SRR forum participants

Program participants engage in culturally specific, developmentally appropriate services through Southwest Key’s Un Puente al Hogar program, a 2015 SCA Latino/a Youth grantee in Austin, Texas.

Through the Second Chance Act, multiple programs provided funding for nonprofit organizations—including faith-based, tribal, and community-based nonprofit organizations—and federally recognized tribal communities to provide mentoring and transitional services for youth returning to their communities from secure confinement settings, as well as for children and families of incarcerated parents. The U.S. Department of Justice’s Office of Juvenile Justice and Delinquency Prevention (OJJDP) administers the awards.

Second Chance Act Strengthening Relationships Between Young Fathers, Young Mothers, and Their Children

This  grant program supports the implementation and delivery of culturally appropriate and gender-specific transitional services that include one-on-one, group, and peer mentoring services for youth and young adults up to age 24 who are fathers and mothers and in the criminal justice system. Other services may include a broad range of activities, including providing case management, assessing both risk factors and person strengths that can affect recidivism, substance use treatment, and other supportive, comprehensive services to promote responsible parenting and family engagement.

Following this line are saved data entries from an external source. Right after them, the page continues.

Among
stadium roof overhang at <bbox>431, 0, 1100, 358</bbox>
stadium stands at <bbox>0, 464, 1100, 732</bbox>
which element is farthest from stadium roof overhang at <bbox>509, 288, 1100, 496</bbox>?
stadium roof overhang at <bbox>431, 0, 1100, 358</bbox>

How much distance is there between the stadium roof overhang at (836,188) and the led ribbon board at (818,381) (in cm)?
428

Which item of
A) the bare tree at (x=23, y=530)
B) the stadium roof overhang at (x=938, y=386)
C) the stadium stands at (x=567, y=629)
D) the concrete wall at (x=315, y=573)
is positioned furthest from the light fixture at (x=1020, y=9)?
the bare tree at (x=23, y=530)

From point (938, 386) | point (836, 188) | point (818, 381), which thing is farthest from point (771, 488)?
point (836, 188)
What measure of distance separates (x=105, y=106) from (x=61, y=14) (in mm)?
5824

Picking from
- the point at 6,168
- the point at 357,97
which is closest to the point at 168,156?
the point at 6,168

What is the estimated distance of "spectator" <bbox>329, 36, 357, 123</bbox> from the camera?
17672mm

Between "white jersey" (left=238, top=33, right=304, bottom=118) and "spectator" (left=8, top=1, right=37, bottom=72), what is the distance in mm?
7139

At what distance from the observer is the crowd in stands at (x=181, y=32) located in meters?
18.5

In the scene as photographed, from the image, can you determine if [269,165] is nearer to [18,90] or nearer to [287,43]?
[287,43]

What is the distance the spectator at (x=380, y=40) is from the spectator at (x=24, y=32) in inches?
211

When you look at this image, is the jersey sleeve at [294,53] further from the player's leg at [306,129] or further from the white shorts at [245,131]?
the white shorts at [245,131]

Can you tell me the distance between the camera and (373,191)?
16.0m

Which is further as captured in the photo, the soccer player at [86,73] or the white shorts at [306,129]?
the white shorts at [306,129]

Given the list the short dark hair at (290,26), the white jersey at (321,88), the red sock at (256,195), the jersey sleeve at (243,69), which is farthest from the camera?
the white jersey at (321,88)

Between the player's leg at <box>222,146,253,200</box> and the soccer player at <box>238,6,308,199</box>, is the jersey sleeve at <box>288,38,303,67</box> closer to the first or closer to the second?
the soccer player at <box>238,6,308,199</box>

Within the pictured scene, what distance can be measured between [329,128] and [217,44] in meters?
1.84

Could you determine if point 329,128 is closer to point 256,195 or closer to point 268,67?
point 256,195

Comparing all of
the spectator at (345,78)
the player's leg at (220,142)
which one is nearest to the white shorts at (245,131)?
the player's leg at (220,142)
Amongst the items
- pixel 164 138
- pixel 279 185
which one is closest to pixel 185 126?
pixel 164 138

For more information, see the most recent OJJDP grant solicitation

 

Second Chance Act Supporting Latino/a Youth from Out-of-Home Placement to the Community

This grant program provided funding to nonprofit organizations with a demonstrable history of providing community-based reentry programs and services to Latino/a youth. Funds supported mentoring and comprehensive transitional services that emphasized the development of life and parenting skills for Latino/a youth who had been in the justice system. Priority consideration was given to organizations that used evidence-based reentry strategies and incorporated an independent evaluation of the project. Deliverables and allowable uses for grant funds included:

  • Developing strategic partnerships;
  • Providing transitional services;
  • Collecting robust performance measures of implementation and impact;
  • Providing mentoring services; and
  • Promoting holistic approaches to reentry, such as family and community engagement and educational opportunities.

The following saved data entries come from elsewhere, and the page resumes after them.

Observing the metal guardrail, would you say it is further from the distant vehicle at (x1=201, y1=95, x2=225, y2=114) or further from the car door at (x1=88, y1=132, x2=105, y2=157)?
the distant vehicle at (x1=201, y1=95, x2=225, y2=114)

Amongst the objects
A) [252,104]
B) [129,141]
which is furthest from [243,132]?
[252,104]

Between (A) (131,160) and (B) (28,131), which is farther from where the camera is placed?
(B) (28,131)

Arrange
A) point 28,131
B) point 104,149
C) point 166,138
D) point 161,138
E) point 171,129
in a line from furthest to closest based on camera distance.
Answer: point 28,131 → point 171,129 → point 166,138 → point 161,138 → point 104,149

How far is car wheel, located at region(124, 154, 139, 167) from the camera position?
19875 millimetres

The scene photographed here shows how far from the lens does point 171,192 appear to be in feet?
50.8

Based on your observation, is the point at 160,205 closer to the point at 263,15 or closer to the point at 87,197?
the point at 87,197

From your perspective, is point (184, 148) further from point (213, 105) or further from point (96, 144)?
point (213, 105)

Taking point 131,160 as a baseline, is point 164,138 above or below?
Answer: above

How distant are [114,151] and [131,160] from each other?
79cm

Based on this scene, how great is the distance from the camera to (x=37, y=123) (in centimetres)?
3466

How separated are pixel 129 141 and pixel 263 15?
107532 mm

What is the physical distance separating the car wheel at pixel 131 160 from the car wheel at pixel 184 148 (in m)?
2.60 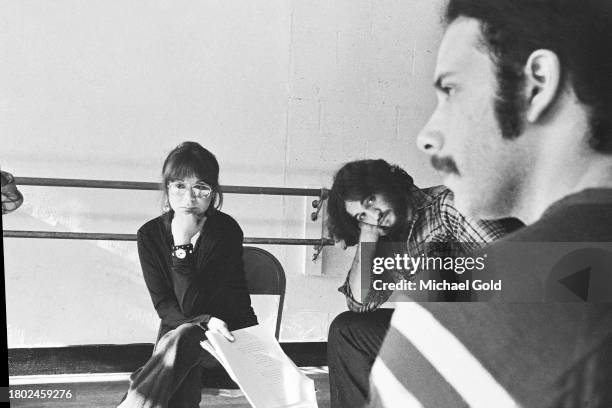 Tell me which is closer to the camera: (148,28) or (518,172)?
(148,28)

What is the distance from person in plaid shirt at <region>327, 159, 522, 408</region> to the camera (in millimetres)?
1896

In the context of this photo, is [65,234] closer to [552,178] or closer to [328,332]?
[328,332]

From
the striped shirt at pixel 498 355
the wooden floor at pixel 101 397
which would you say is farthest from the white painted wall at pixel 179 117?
the striped shirt at pixel 498 355

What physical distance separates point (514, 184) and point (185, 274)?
94 cm

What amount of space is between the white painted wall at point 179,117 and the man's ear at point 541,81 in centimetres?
27

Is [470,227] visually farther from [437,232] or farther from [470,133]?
[470,133]

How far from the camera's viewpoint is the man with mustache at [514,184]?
74.7 inches

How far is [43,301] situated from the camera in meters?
1.72

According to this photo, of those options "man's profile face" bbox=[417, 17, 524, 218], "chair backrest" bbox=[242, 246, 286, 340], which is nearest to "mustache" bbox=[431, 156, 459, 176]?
"man's profile face" bbox=[417, 17, 524, 218]

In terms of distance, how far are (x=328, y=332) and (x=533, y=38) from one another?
3.25 feet

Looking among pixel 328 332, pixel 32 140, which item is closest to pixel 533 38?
pixel 328 332

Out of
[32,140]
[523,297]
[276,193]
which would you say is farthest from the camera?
[523,297]

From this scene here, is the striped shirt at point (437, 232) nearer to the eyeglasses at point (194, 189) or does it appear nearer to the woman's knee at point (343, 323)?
the woman's knee at point (343, 323)

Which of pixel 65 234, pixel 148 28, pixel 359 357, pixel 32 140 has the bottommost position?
pixel 359 357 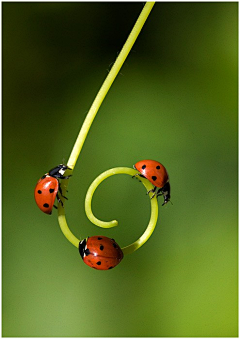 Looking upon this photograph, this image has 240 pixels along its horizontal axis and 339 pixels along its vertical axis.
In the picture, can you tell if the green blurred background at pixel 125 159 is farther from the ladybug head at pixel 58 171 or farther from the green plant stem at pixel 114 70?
the green plant stem at pixel 114 70

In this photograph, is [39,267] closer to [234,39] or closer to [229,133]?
[229,133]

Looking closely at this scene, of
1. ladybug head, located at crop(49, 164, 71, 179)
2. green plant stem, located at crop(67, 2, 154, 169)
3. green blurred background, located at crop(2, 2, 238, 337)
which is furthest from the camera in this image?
green blurred background, located at crop(2, 2, 238, 337)

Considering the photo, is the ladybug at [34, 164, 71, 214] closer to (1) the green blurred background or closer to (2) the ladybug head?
(2) the ladybug head

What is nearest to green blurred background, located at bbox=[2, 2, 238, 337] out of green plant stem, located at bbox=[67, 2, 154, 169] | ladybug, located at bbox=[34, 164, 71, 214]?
ladybug, located at bbox=[34, 164, 71, 214]

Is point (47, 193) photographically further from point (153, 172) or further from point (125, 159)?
point (125, 159)

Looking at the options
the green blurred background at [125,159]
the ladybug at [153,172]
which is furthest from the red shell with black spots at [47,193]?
the green blurred background at [125,159]

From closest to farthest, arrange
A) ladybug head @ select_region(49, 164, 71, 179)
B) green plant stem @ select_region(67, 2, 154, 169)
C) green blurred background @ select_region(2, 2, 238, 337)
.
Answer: green plant stem @ select_region(67, 2, 154, 169) < ladybug head @ select_region(49, 164, 71, 179) < green blurred background @ select_region(2, 2, 238, 337)

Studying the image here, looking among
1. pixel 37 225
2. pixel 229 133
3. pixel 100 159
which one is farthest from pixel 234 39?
pixel 37 225
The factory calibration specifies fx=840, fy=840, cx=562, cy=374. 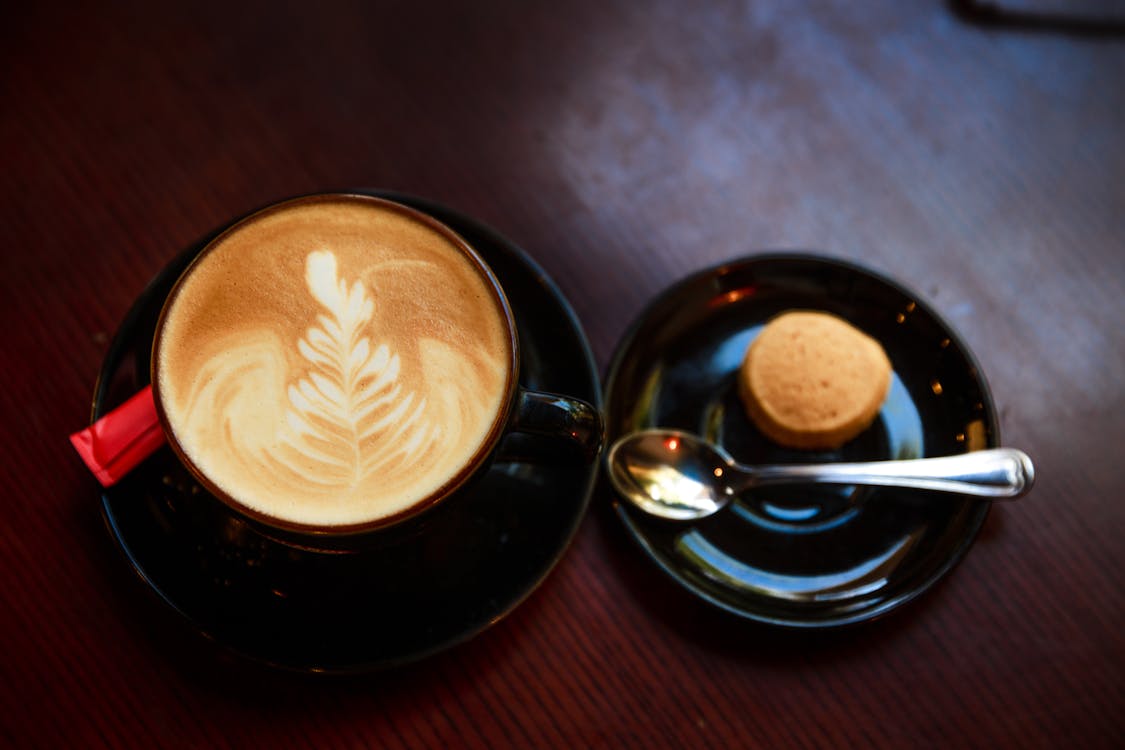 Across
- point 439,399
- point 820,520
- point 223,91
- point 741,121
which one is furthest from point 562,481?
point 223,91

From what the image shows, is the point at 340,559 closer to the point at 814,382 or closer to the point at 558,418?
the point at 558,418

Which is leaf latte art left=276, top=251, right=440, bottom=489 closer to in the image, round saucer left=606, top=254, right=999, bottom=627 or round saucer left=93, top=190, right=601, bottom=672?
round saucer left=93, top=190, right=601, bottom=672

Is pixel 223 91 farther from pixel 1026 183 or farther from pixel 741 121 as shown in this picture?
pixel 1026 183

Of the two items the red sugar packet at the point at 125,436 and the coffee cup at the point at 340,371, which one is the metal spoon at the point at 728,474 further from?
the red sugar packet at the point at 125,436

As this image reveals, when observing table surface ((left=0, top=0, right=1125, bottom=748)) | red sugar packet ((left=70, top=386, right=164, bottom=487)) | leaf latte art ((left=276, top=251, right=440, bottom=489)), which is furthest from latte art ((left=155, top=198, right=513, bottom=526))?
table surface ((left=0, top=0, right=1125, bottom=748))

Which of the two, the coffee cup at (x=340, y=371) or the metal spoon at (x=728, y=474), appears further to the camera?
the metal spoon at (x=728, y=474)

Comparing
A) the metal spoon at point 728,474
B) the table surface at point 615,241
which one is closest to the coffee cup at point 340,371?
the metal spoon at point 728,474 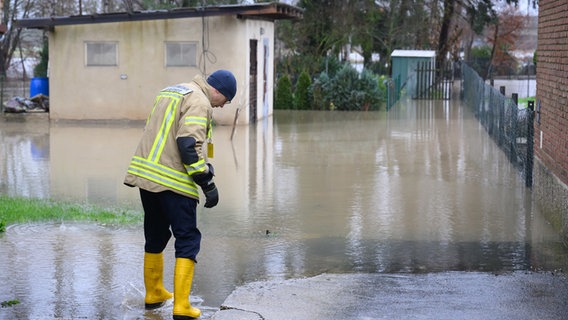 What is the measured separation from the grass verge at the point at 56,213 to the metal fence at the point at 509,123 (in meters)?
5.60

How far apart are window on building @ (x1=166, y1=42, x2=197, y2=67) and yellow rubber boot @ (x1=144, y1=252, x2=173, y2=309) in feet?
54.1

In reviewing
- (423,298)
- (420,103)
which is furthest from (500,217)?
(420,103)

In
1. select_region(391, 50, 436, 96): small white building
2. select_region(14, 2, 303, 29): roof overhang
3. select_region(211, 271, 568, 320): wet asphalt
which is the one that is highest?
select_region(14, 2, 303, 29): roof overhang

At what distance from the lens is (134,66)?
23203mm

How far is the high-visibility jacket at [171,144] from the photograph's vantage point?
6180mm

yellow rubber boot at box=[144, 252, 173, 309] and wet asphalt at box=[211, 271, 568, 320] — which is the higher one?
yellow rubber boot at box=[144, 252, 173, 309]

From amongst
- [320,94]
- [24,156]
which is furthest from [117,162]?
[320,94]

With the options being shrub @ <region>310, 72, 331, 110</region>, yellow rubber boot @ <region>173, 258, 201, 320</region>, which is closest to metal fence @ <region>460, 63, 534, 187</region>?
shrub @ <region>310, 72, 331, 110</region>

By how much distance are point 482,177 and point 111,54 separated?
40.1 feet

For more information, see the most recent OJJDP grant solicitation from 2015.

Second Chance Act Strengthening Families and Children of Incarcerated Parents

This grant program provided funding to nonprofit organizations that delivered services to foster family engagement between incarcerated parents, children, and caregivers, as well as to promote positive youth development. Funds supported the development and expansion of services for children who had a parent incarcerated at a Federal Bureau of Prisons correctional facility. Those efforts included:

  • Developing or delivering programs that enhanced the life skills of children of incarcerated parents, such as mentoring, case management, counseling, youth coaching, and academic support;
  • Providing services to facilitate communication between incarcerated parents and their children and caregiver, such as transportation to facilities, reading on tape, phone calls, emails, letters, and televisits;
  • Providing family-driven and youth-guided services that focused on promoting family engagement; and
  • Working with facilities to implement policies that fostered further family engagement. 

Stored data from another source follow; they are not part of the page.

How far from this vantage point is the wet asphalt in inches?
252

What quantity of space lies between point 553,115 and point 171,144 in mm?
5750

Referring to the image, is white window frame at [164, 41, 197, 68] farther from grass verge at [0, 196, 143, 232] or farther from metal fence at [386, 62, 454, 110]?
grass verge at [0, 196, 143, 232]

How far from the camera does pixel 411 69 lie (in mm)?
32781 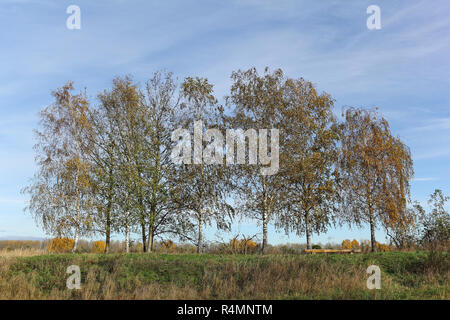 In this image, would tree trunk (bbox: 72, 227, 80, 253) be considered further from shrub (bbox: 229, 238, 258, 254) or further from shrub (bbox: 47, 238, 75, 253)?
shrub (bbox: 229, 238, 258, 254)

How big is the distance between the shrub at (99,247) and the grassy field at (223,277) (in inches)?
403

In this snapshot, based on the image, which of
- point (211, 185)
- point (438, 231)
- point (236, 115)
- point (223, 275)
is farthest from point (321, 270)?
point (438, 231)

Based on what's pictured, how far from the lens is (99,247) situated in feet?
100

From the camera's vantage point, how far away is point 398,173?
100 feet

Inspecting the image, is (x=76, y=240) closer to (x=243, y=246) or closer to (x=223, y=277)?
(x=243, y=246)

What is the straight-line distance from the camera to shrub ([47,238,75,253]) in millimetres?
28073

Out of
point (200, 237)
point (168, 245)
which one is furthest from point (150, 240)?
point (200, 237)

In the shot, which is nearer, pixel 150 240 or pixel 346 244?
pixel 150 240

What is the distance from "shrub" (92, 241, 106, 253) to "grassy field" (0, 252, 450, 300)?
10.2 meters

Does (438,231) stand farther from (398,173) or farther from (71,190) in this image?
(71,190)

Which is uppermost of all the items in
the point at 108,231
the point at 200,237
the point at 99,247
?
the point at 108,231

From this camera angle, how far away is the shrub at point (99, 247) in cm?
3016

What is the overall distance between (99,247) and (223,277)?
16238 mm

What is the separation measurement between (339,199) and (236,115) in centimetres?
975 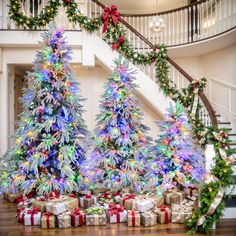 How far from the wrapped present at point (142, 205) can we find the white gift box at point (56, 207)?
3.11ft

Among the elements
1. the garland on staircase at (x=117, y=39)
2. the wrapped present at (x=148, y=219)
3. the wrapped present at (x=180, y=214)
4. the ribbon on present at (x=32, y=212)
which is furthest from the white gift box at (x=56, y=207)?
the garland on staircase at (x=117, y=39)

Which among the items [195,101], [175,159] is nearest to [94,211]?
[175,159]

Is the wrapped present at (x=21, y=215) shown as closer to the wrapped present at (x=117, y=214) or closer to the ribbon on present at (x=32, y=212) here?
the ribbon on present at (x=32, y=212)

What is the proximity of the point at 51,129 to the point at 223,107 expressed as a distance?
194 inches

For more information, see the most recent OJJDP grant solicitation from 2015.

Second Chance Act Juvenile Mentoring Initiative

This grant program provided funding to state, local, and tribal governments; public universities and colleges; and nonprofit organizations to develop, implement, and expand mentoring programs and transitional services for youth returning to their communities from secure confinement. Grantees integrated best practices into mentoring service models, developed strategies to recruit and retain mentors, assessed the needs of their target population, and developed services and partnerships to address those needs.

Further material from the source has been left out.